The Chinese are in the business of expanding their arsenal, not maintaining a set number of pieces like the United States. So again, it doesn’t make much sense. The only other theory that is out there that if I heard, is that the US administration under Donald Trump, wants to restart testing of nuclear weapons. This is something that has no support within the US military community, because it’s designed to fight a conventional fight. 

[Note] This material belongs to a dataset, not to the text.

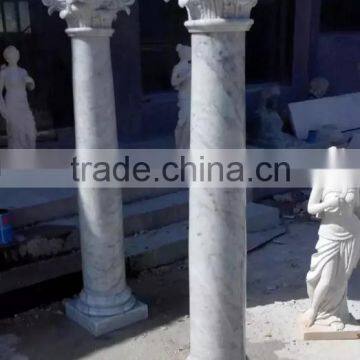 Interior Decoration Flower Design Carving White Marble Pillars Factory photo-2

We don’t maintain an arsenal of tactical nuclear weapons anymore. Really haven’t since the Cold War. We only have the strategic city flatness, and if those are used, it’s not really a military question. It’s a purely political question about whether you want to risk nuclear Armageddon or not. It’s primarily a deterrent force because the US conventional capabilities are so far and above. 

What any potential threat could be. And if it’s a paramilitary threat, like we say we encountered in the global war on terror, you’re not going to solve that with nukes. So the leading theory is that Donald Trump personally wants to be able to blow up some nukes as examples to push negotiations forward. Now, Trump has not said that personally. 

This is something that has leaked out through the administration. I don’t know if I should take it serious or not. But the idea of setting off nukes as a negotiating point doesn’t strike me as a particularly effective negotiating strategy. Unless, of course, the people on the other side are doing that already. And before you discount of that, keep in mind that that was part of the logic during the Cold War is that one side would innovate a new nuclear weapon, demonstrate it, and then the other side would go set off a test immediately to prove that their nukes still worked, and then develop their own weapon. 

And the cycle would repeat until we got to Gorbachev and everyone realized that, hey, maybe this isn’t the best way to carry out negotiations. So no firm conclusions here. What? The only thing that is clear is the administration really is pushing this line is not shared any information with the wider world that would suggest that was actually a nuclear test that actually happened. 

Obviously, there are classified intelligence gathering techniques that are not being shared here. But again, the Trump administration has been pretty liberal with sharing those bits of information whenever it serves a political purpose. So a lot of weird little mysteries here. And the only explanation makes any sense is this is coming directly from the white House for reasons that until they are revealed, remain unseen.